Write all files before returning.""",
mcp_servers=[codex_mcp]
)
# Designer → spec → Developer → implementation
spec = await designer.run("Build a REST API for user authentication")
await developer.run(spec.output)
Key config for the Developer agent:
codex_params = {
"approval-policy": "never",
"sandbox": "workspace-write"
}
Multi-Agent Orchestration with Gating Logic
For complex projects, a Project Manager agent coordinates specialised roles and enforces quality gates before advancing.
project_manager = Agent(
name="Project Manager",
instructions="""
You coordinate a team of specialist agents:
- Designer: product spec + architecture
- Frontend Developer: React/TypeScript components
- Backend Developer: API + database layer
- Tester: unit and integration tests
GATING RULES:
1. Do not advance to Frontend until design artefacts are present in /design/
2. Do not advance to Backend until API contract is defined in /api/schema.json
3. Do not advance to Tester until both Frontend and Backend hand off
4. Do not return final output until all tests pass
Each specialist receives: their role, the overall spec, and only the files relevant to their work.
""",
agents=[designer, frontend_dev, backend_dev, tester]
)
The RECOMMENDED_PROMPT_PREFIX Pattern
Each specialist agent should receive scoped context to reduce hallucination and improve handoffs:
RECOMMENDED_PROMPT_PREFIX = """
You are {role}.
Project context: {spec_summary}
Your input artefacts: {relevant_files}
Your output artefacts: {expected_outputs}
Do not modify files outside your scope.
"""
This is the single biggest quality improvement in multi-agent Codex pipelines — agents with scoped context produce tighter, more consistent output than agents with full project context.

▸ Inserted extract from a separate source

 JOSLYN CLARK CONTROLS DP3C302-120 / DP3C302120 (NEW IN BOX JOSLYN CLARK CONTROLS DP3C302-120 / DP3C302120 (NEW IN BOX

Observability with SDK Traces
The SDK automatically captures a full trace for every run:
| Trace field | What it contains |
|---|---|
| Prompts | All agent instructions + user messages |
| Tool invocations | Every codex() / codex-reply() call |
| Handoffs | When and what was passed between agents |
| Execution timeline | Duration per step |
| File artefacts | Files created/modified by each agent |
Access traces:
from agents import trace
with trace("feature-build"):
result = await project_manager.run("Build user auth feature")
# Full trace available in OpenAI dashboard and locally
Why traces matter for Daniel’s agentic pod: When a multi-agent run fails mid-way (the Developer’s code doesn’t compile, the Tester finds regressions), traces let you identify exactly which agent made the bad decision and what context it had.
Main Use Cases
| Use case | Agents involved | Gating |
|---|---|---|
| Large-scale refactoring | PM → Developer(s) → Tester | Tests pass before merge |
| Feature rollout across repos | PM → N Developer agents (parallel) | Each repo passes its own test suite |
| Framework migration | Analyser → Developer → Tester | Checkpoint per module |
| Parallel frontend/backend dev | PM → Frontend + Backend (concurrent) → Tester | API contract must exist before both start |
Connection to Daniel’s Agentic Pod
This pattern is the architecture foundation for the “agentic pod” — multiple Codex agents with roles, coordinated by an orchestrator. Key mapping:
| Agentic Pod Role | SDK Agent |
|---|---|
| Planner / Tech Lead | Project Manager agent with gating rules |
| Feature Developer | Developer agent with scoped MCP tools |
| QA | Tester agent, output-gated |
| DevOps | CI agent using codex exec (non-interactive) |
| Reviewer | Designer/Architect agent pre-handoff |
The SKILL.md files in your repo map to the instructions field in each SDK Agent — you’re already building in this direction.